Data extract:

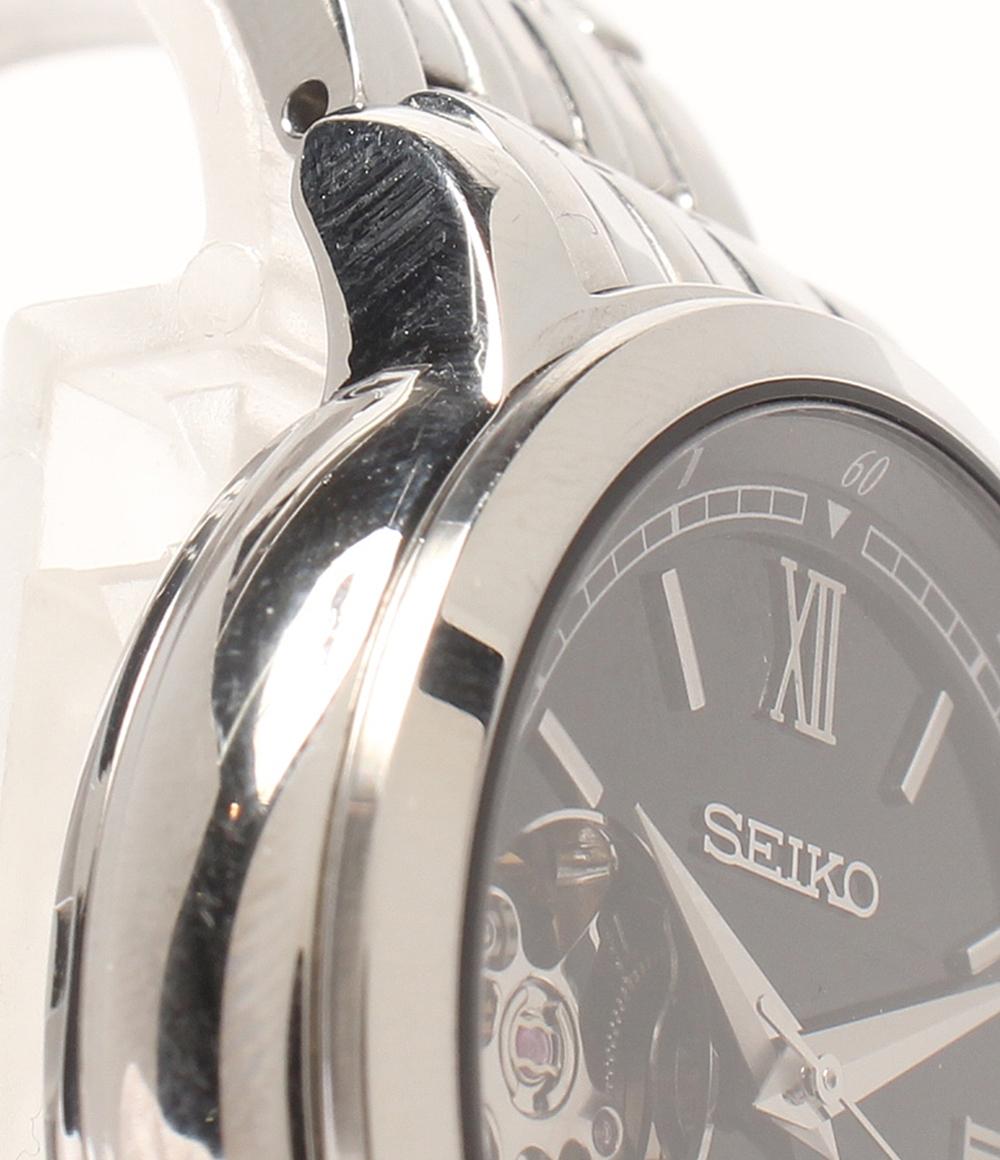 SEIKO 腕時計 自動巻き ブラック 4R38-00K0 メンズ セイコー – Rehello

...

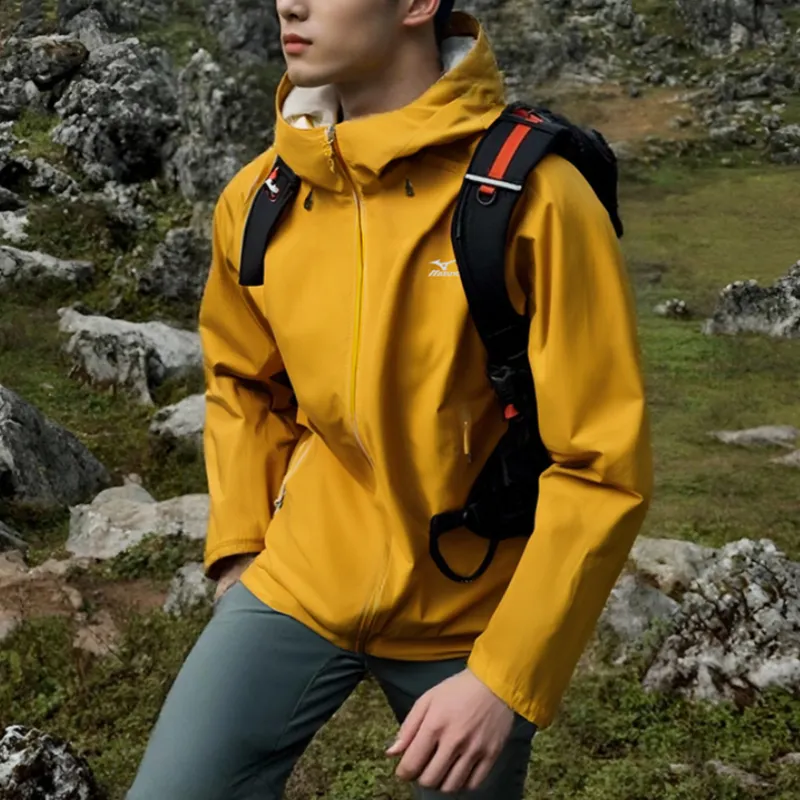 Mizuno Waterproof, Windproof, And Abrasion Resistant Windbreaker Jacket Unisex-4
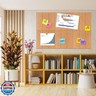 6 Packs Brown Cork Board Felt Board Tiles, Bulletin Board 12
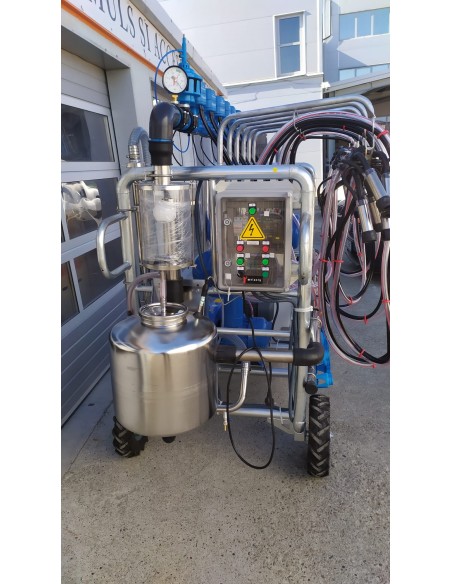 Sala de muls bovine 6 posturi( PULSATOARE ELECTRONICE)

* * *

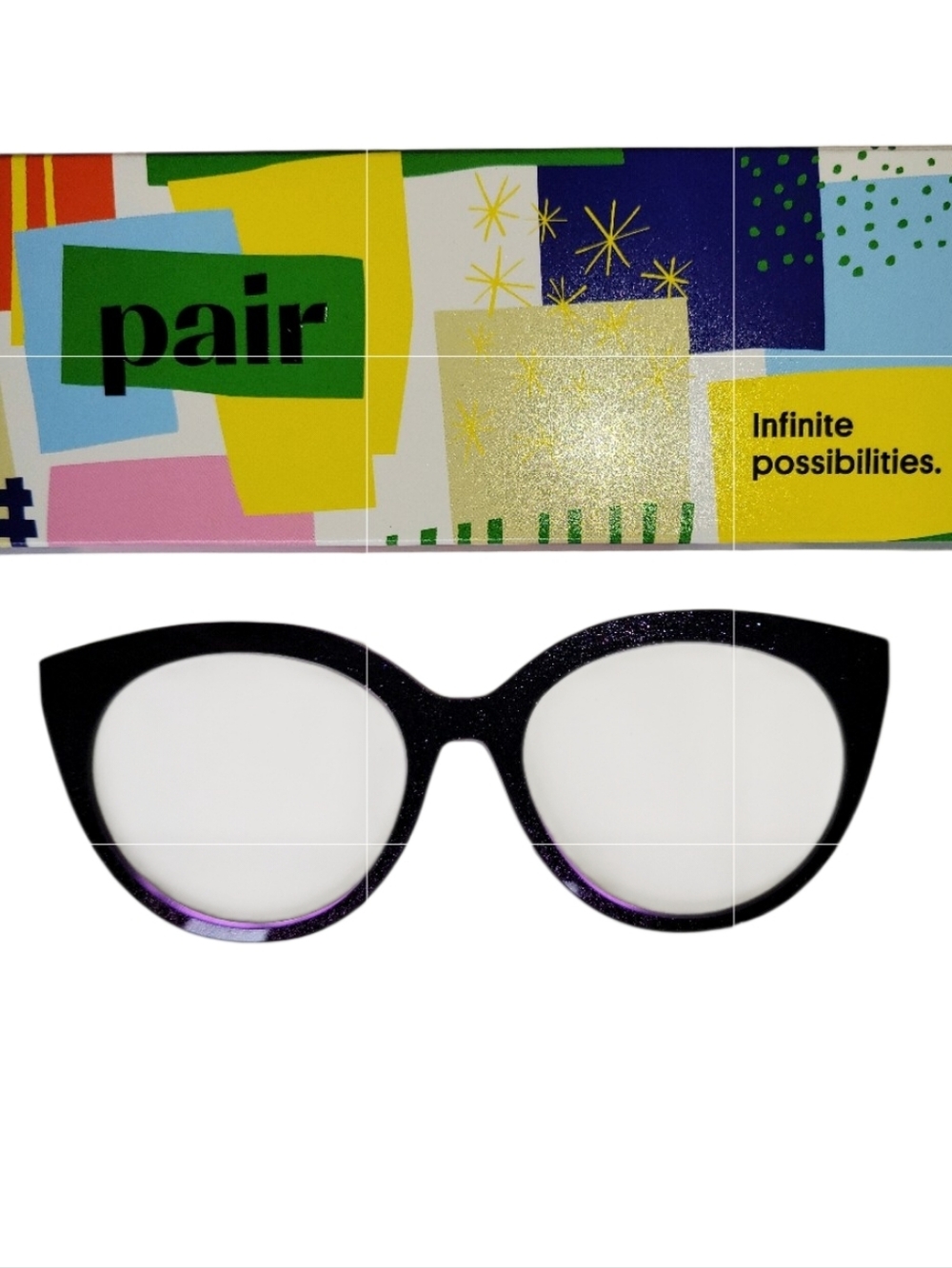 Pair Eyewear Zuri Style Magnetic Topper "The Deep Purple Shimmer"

Work request:
Return only the stretch above from the line containing "Mizuno Waterproof, Windproof, And" through the line containing "Sala de muls", word for word and without pictures.

Completed task:
 Mizuno Waterproof, Windproof, And Abrasion Resistant Windbreaker Jacket Unisex-4
 6 Packs Brown Cork Board Felt Board Tiles, Bulletin Board 12
 Sala de muls bovine 6 posturi( PULSATOARE ELECTRONICE)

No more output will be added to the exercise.